*** Listed entries ***
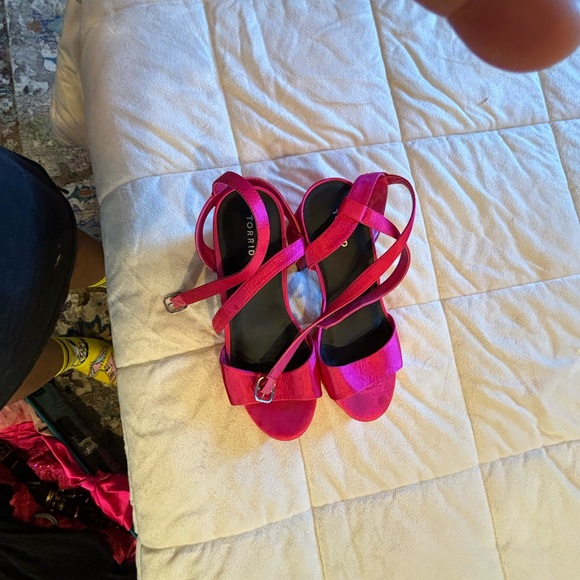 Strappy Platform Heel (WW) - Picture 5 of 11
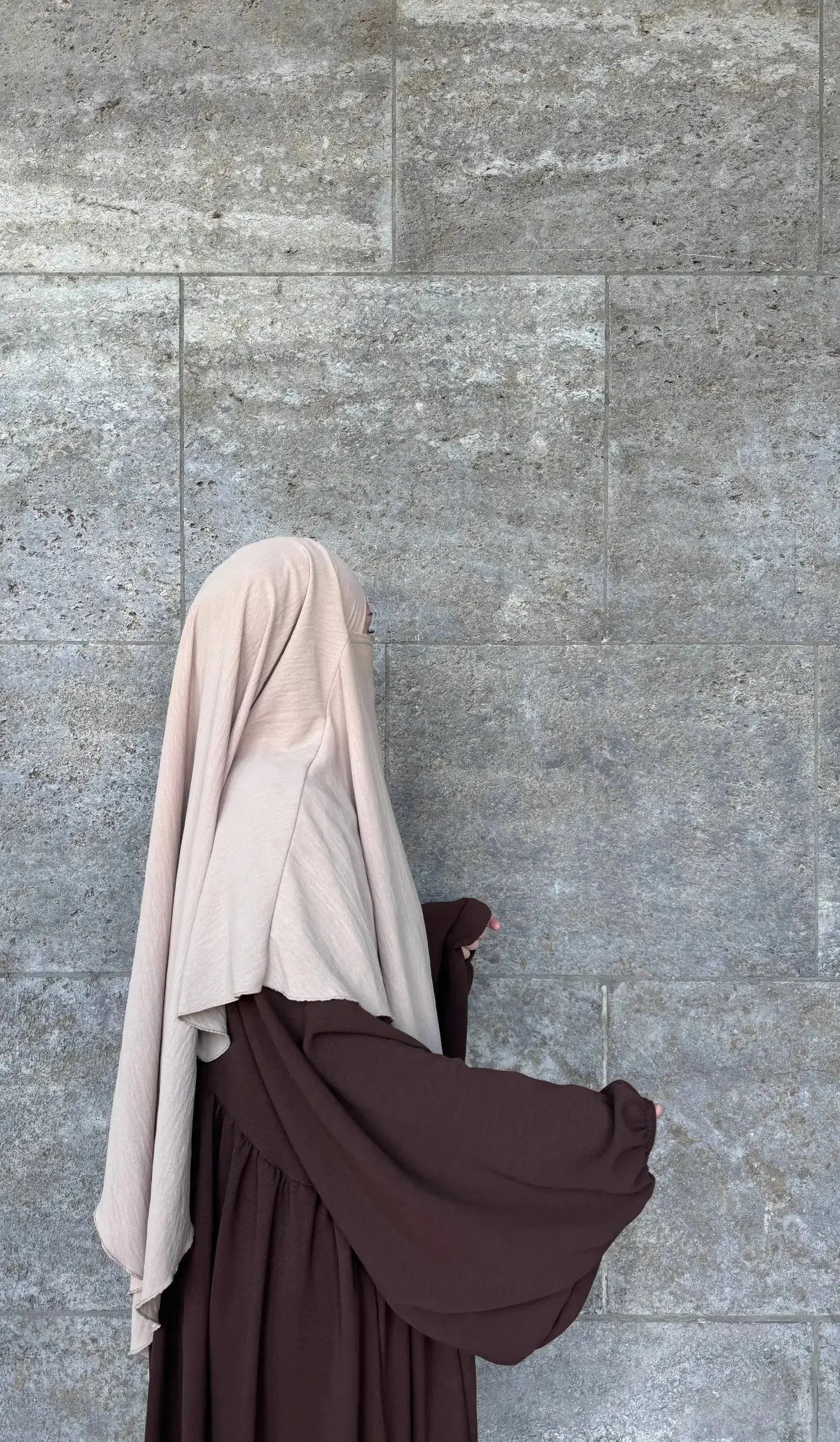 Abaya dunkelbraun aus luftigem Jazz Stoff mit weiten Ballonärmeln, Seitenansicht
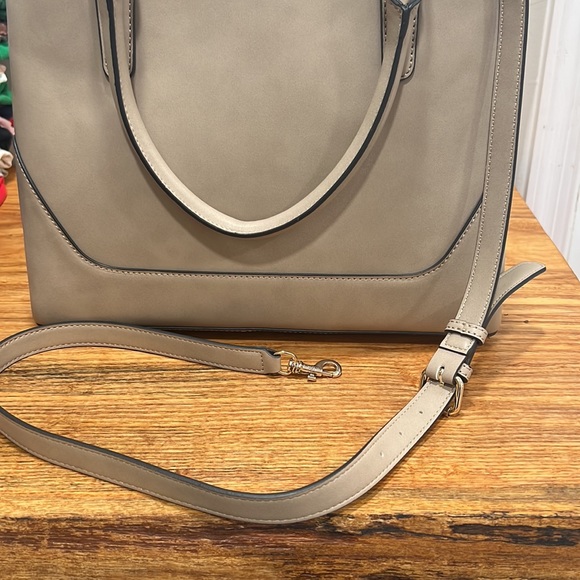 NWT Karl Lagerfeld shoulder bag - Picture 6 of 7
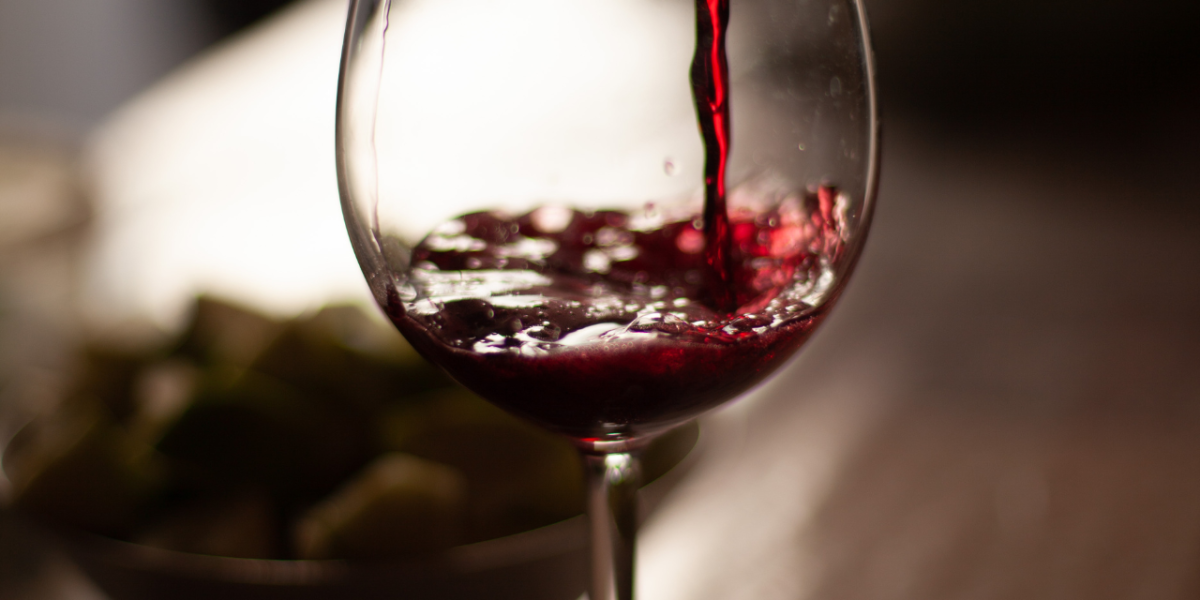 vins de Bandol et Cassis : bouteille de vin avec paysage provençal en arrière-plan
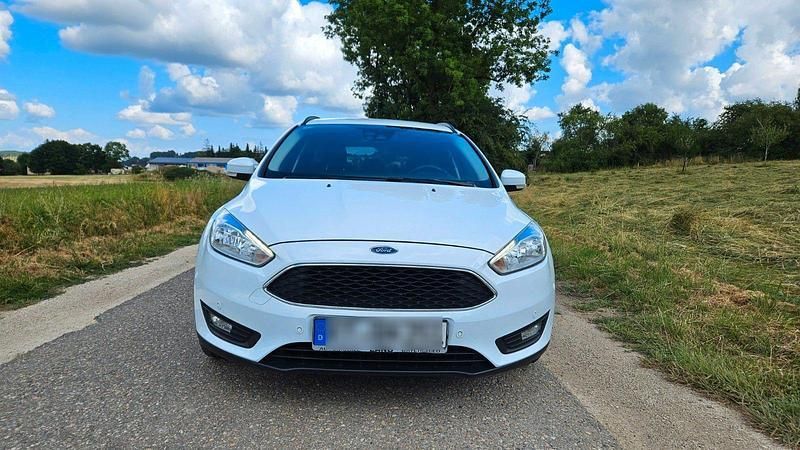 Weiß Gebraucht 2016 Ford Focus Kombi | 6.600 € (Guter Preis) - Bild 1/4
***
*** Listed entries ***
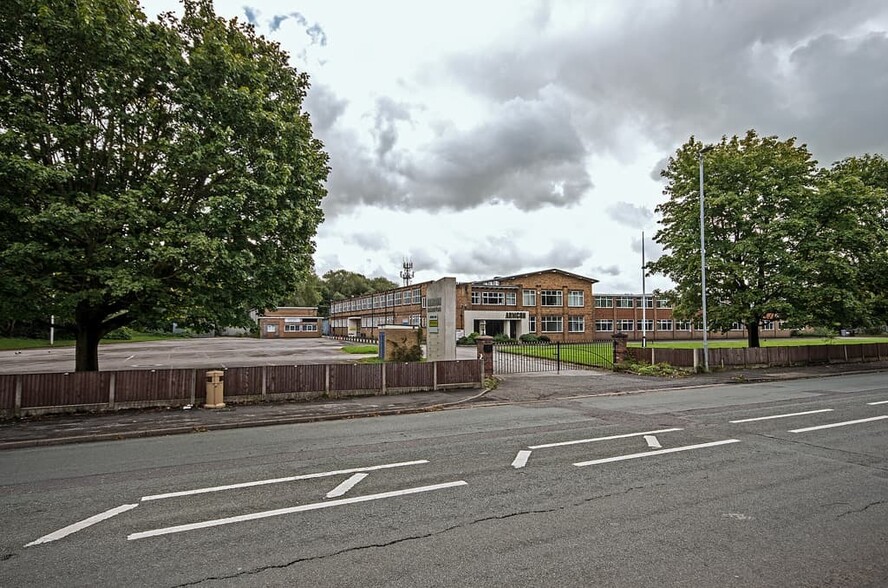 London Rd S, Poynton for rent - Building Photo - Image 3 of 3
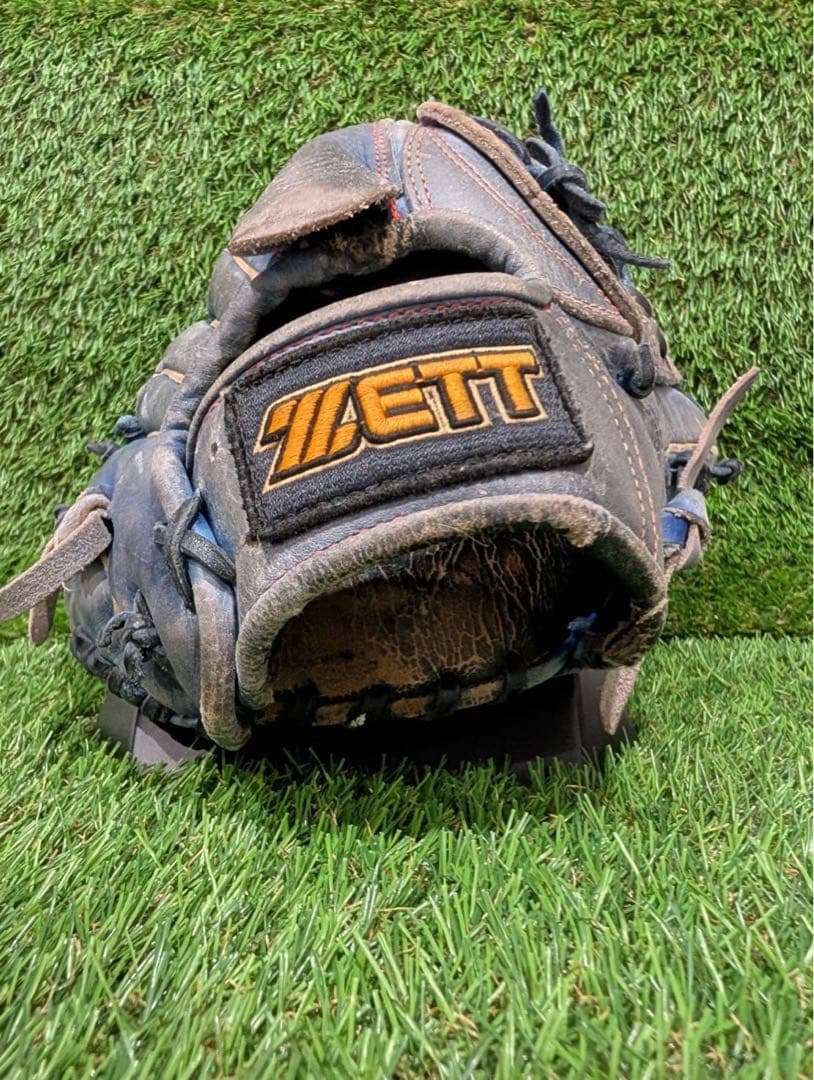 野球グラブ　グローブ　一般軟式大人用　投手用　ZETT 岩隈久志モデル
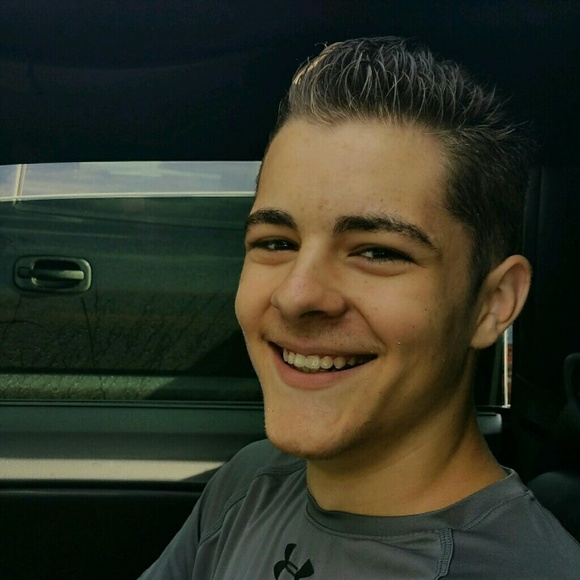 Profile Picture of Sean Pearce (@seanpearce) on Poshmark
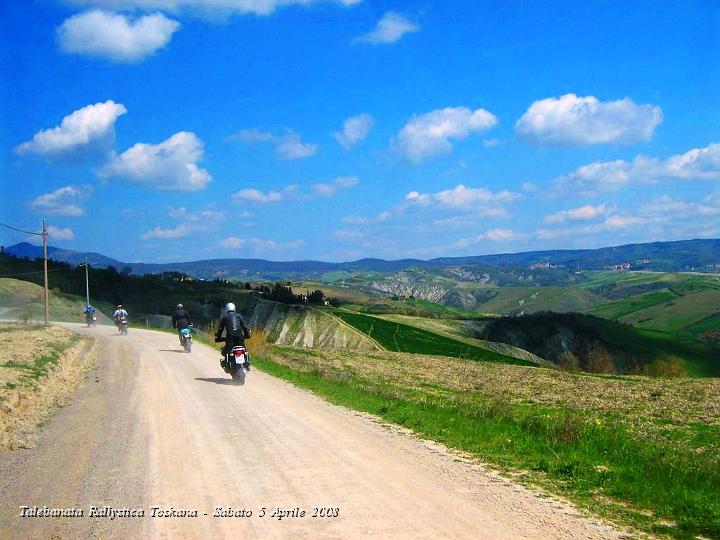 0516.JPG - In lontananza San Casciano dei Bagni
***
*** Listed entries ***
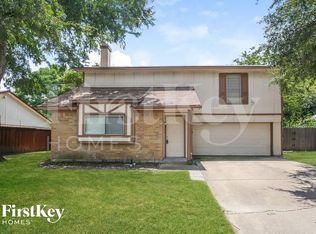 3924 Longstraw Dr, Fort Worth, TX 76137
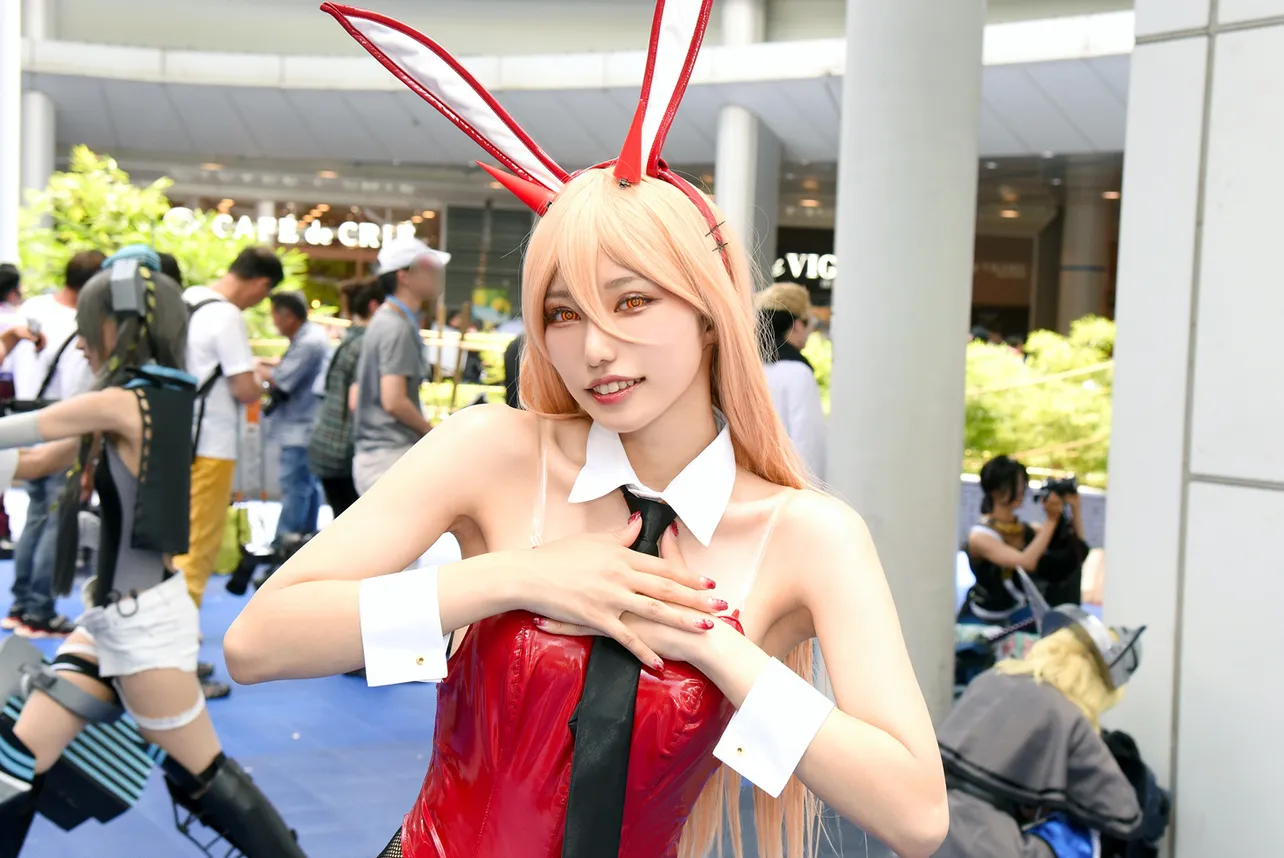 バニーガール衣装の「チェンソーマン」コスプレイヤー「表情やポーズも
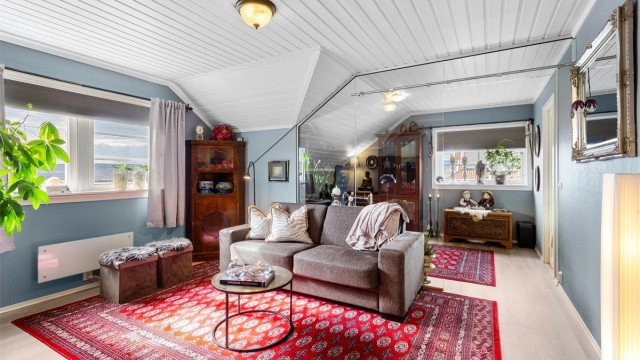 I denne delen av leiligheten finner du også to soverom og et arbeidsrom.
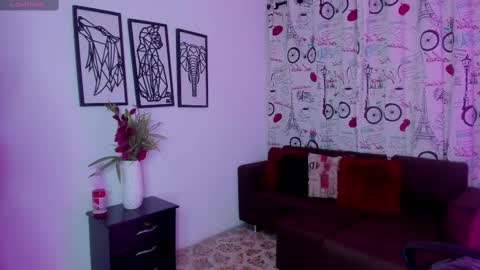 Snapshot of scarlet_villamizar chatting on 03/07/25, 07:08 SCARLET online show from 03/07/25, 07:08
***
__Assigned task__. Beginning with the line that contains "Strappy Platform Heel (WW) - Picture 5 of 11", write out the lines of the material above exactly, and end with the line that contains "Weiß Gebraucht 2016". Omit the pictures.

__Answer space__.
 Strappy Platform Heel (WW) - Picture 5 of 11
 Abaya dunkelbraun aus luftigem Jazz Stoff mit weiten Ballonärmeln, Seitenansicht
 NWT Karl Lagerfeld shoulder bag - Picture 6 of 7
 vins de Bandol et Cassis : bouteille de vin avec paysage provençal en arrière-plan
 Weiß Gebraucht 2016 Ford Focus Kombi | 6.600 € (Guter Preis) - Bild 1/4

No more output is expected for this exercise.